And change is good, says Marilyn Puder-York, PhD, a psychologist, executive coach, and author of The Office Survival Guide.

Sometimes, though, when one moves into a new job role, and/or has a life change (such as more kids) it can be difficult to change with the demands of the new job and life circumstances.

Change Sometimes Leads to Decreased Productivity

Productivity can decrease when these changes occur in life. Also, the way that you worked in your previous role might not work in your new job.  

“In different stages in life, productivity may be defined differently because life gets more complicated, tasks get more strategic in addition to being tactical, roles change, we have more to do, more people to take care of, and things become more complicated,” Puder-York says.

“Many people that I’ve worked with have been on the verge of derailing because they haven’t made the accommodation or the adaptation from their younger selves to their older self, where time management (being able to prioritize) and delegate really become essential for productivity.”

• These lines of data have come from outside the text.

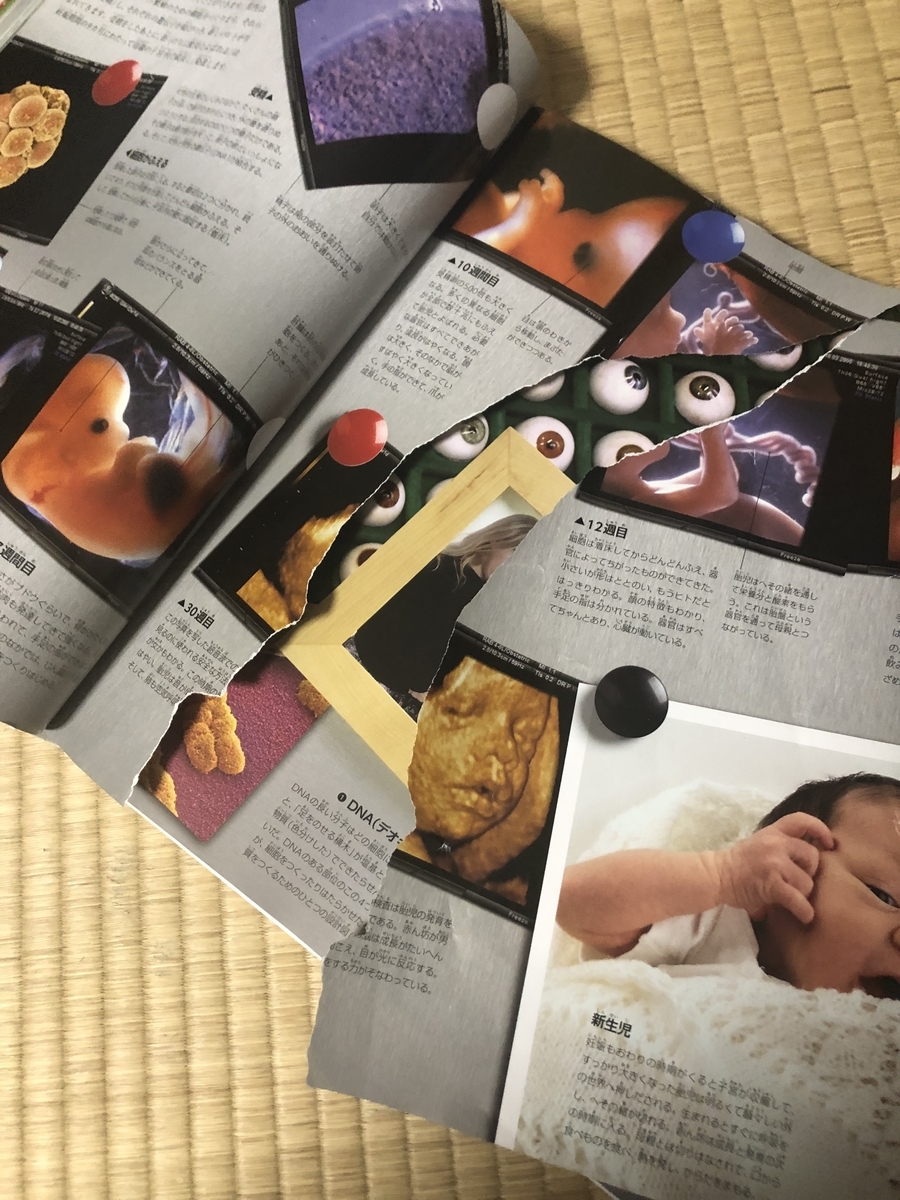 f:id:dotabatamama_945:20190626182133j:plain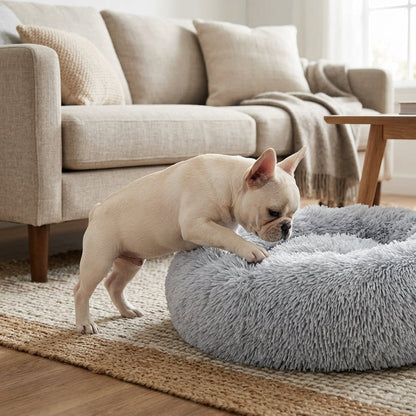 Calming Donut Pet Bed – 20" Plush Bed for Small Dogs & Cats (Light Grey) | Paws Palace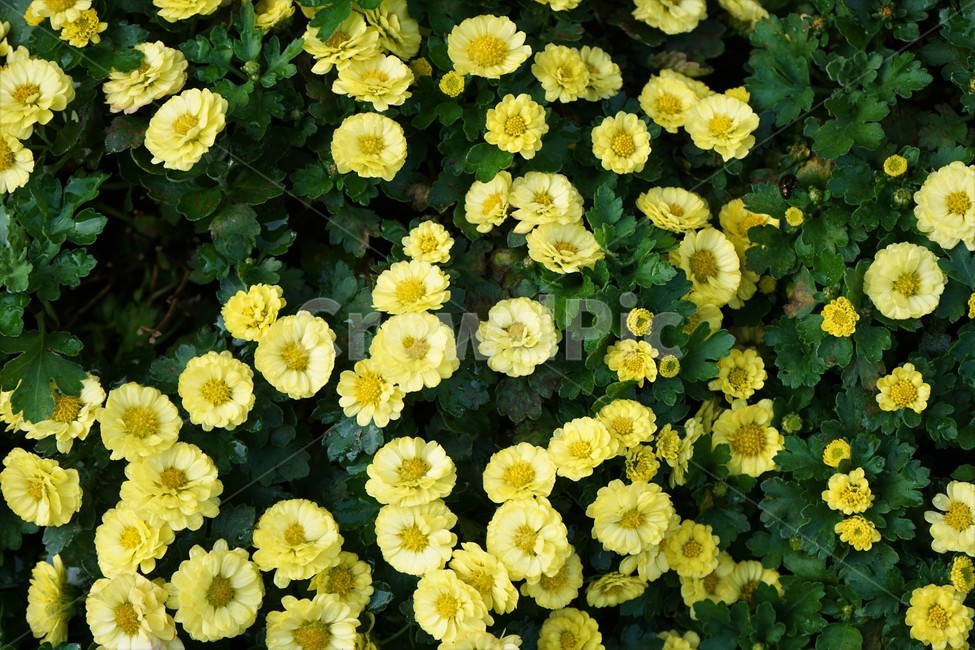 가을,국화,노랑,우아,chrysanthemum,autumn,elegance,fall,yellow,flower,season,smell,bloom,우아함,계절,꽃,floral,nobility,고귀함,향기,가을대표,가을꽃,식물,노랑꽃,꽃봉오리,국화꽃,plant,식물,자연,plants,nature,꽃,flower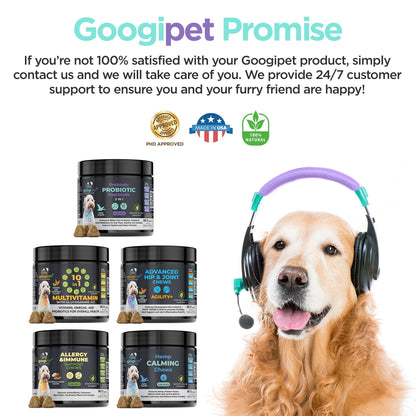 3-in-1 Probiotic Chews for Dogs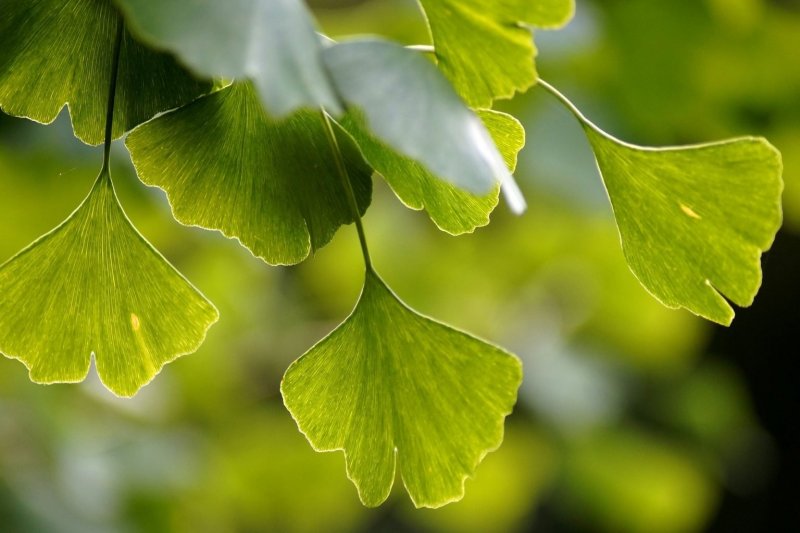 Гинкго двулопастный (Ginkgo Biloba)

Adapting to a leadership position, which includes learning how to use the latest software programs or learning how to think about your company’s customers in a new way (so that you can deliver optimal customer experience), is important for success. Here are some tips to help you as your job role and your company’s customer priorities change over time.

Change Your Mindset

The first part of adapting to a new role is to alter the way you think about success, failure, and risk.

“Things don’t have to be 100 percent in order to achieve a goal,” says Puder-York.

One part of it is changing their mindset and being aware of their mindset of being black and white about success and failure and risk. Things don’t have to be 100 percent in order to achieve a goal.

Be Creative

Puder-York recommends that you ask yourself, “What are you responsible for? How do you have to set boundaries on your time? What things can you give up doing and either have other people do? How many things can you do a little differently and, if you do differently, how do you do it differently?”

Perfection is something that we hang onto, says Puder-York.

“Given what I’ve seen, people don’t manage where they don’t delegate effectively,” said Puder-York. “Especially those perfectionists on the job who are so afraid of an error or of a big failure that they almost spend more time trying to manage the tasks themselves, especially if they grew up as experts.”

Puder-York says you have to spend a little extra time at the beginning in transitioning from being the executor into the leader who develops and leads others to do the actual executing.

“It might take a little time to make that transition.”

Building a Customer-Focused Company

Lauren Ashwell, leadership coach and president of Lauren Ashwell, Inc., says it’s an “artful sort of balance” to not only implement change in a new job, but also on the company level.

“The way the company thinks about its customers, the way the company thinks about its brand — especially the real iconic brands — sometimes it’s difficult to change,” says Ashwell.

And changing the company mindset into one that is customer-focused can take a while. As a leader— or potential leader — in your company, you may find it difficult to admit that your vision and strategy just isn’t working. But you have to, before it’s too late.

“They may, during an interviewing process, say, we’re really looking to change, we’re really looking to change,” Ashwell adds. “But then [you] get into the role and [the company] has become so successful for so long, it can be very hard to actually get people to implement change because they are afraid of damaging the brand.”

Ashwell says there’s a balance between how one helps a brand adapt to new customer and market requirements without eliminating what is already good and working within the company.